» Action item:
Output the records exactly as they appear, with no pictures included.

» Data provided:
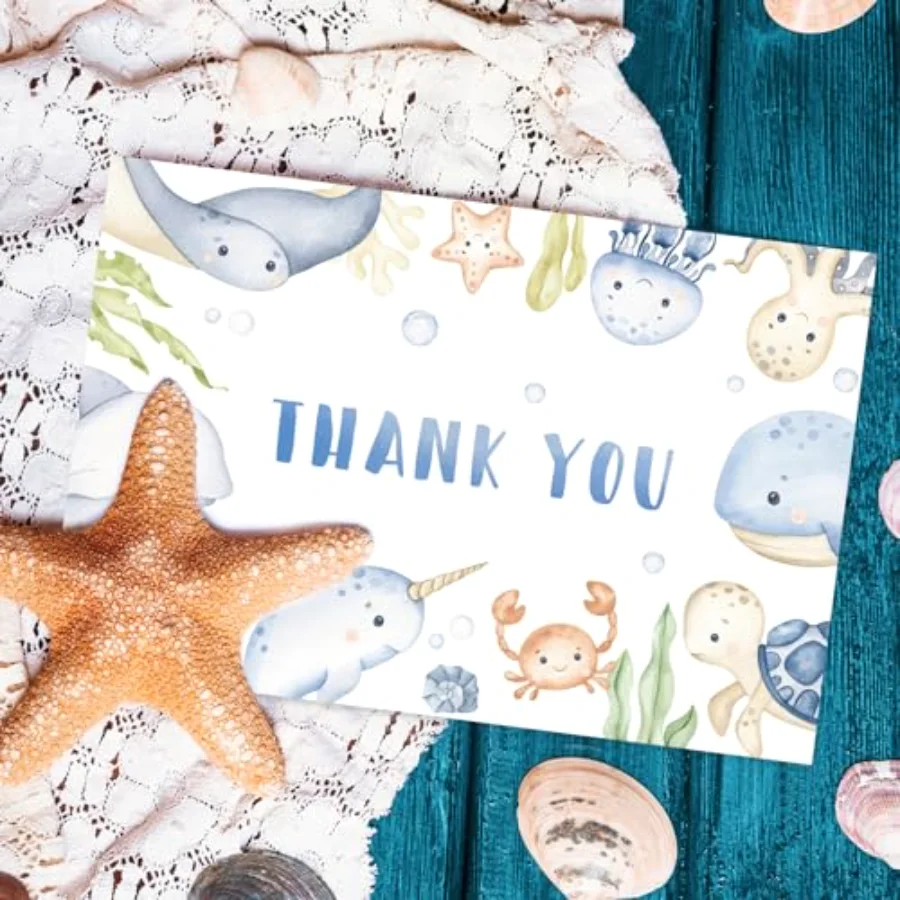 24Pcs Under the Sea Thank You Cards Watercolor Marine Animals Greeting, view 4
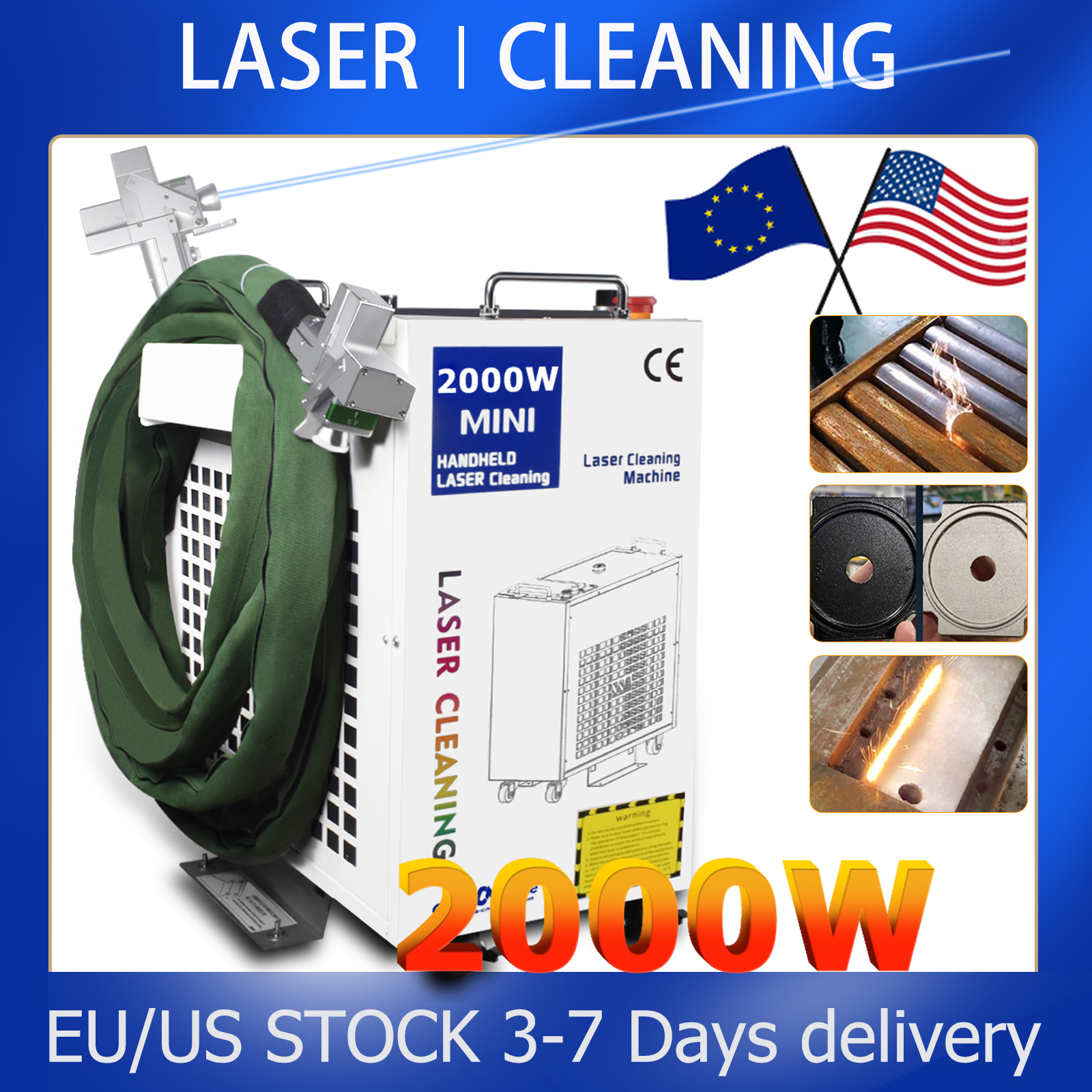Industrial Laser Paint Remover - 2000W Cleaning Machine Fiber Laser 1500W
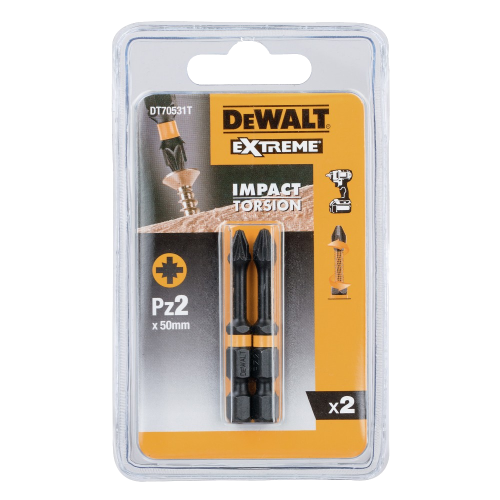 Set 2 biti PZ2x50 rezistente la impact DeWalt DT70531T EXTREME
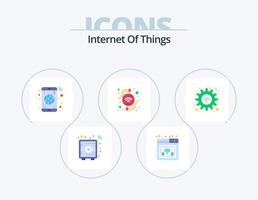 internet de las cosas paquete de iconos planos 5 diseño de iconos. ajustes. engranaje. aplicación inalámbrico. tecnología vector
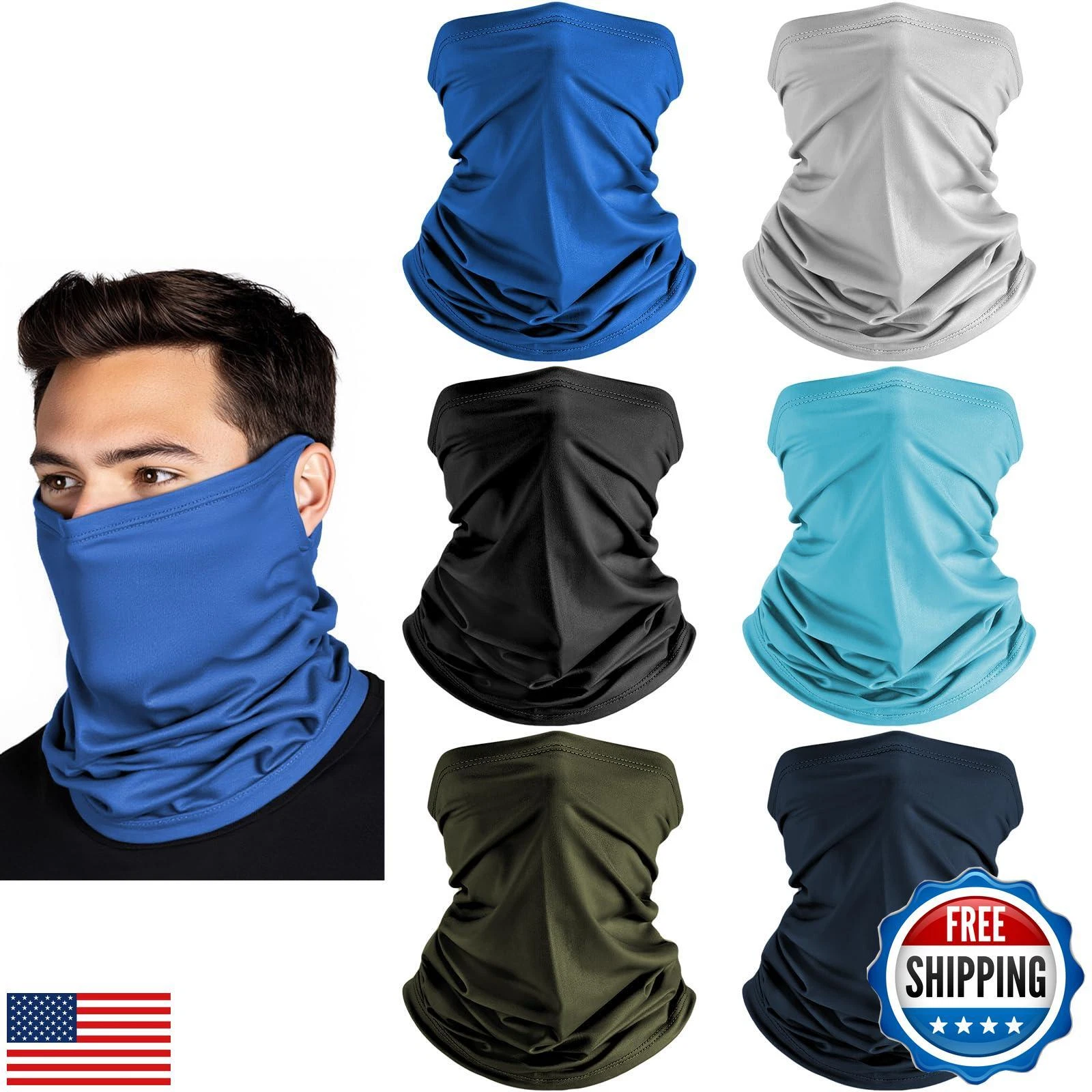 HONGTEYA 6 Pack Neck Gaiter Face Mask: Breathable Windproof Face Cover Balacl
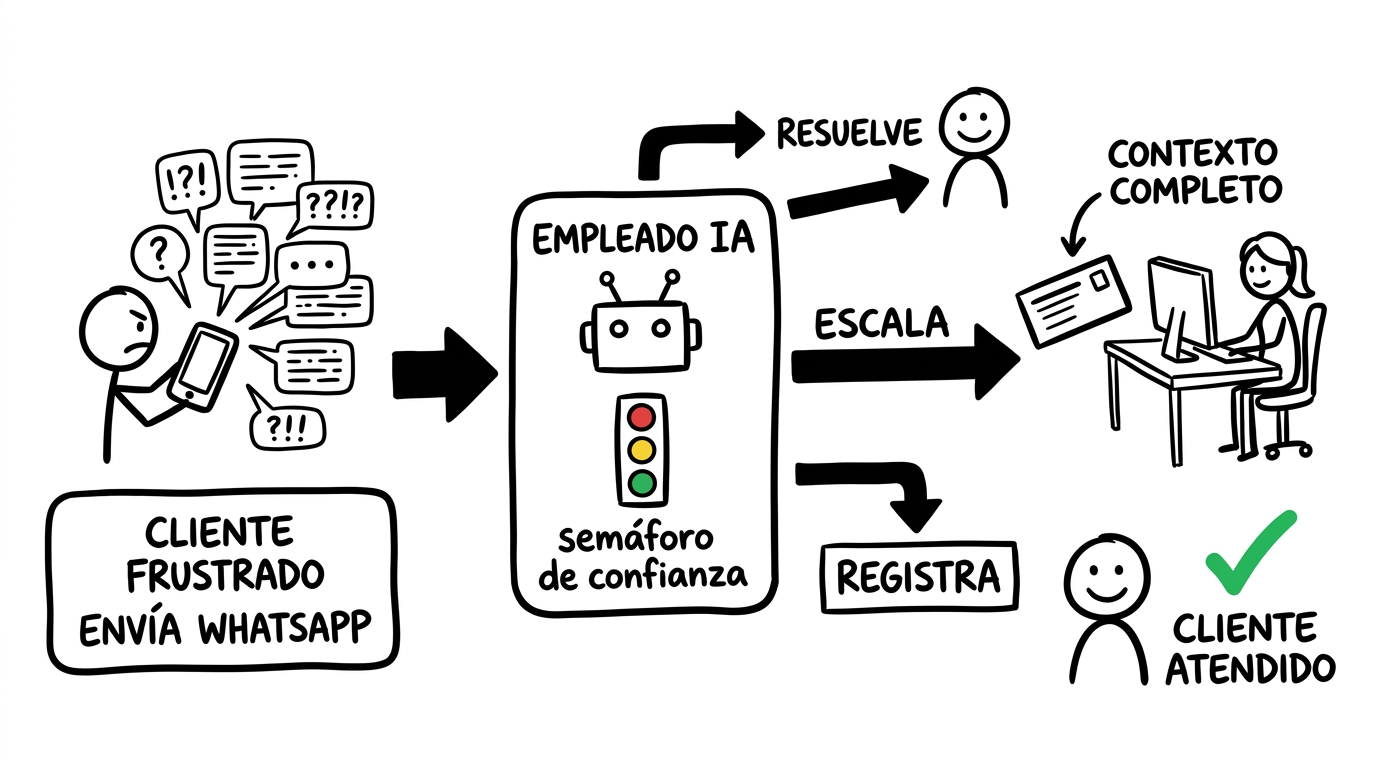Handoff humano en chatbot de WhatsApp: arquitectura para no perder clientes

» Problem solution:
 24Pcs Under the Sea Thank You Cards Watercolor Marine Animals Greeting, view 4
Industrial Laser Paint Remover - 2000W Cleaning Machine Fiber Laser 1500W
 Set 2 biti PZ2x50 rezistente la impact DeWalt DT70531T EXTREME
 internet de las cosas paquete de iconos planos 5 diseño de iconos. ajustes. engranaje. aplicación inalámbrico. tecnología vector
 HONGTEYA 6 Pack Neck Gaiter Face Mask: Breathable Windproof Face Cover Balacl
Handoff humano en chatbot de WhatsApp: arquitectura para no perder clientes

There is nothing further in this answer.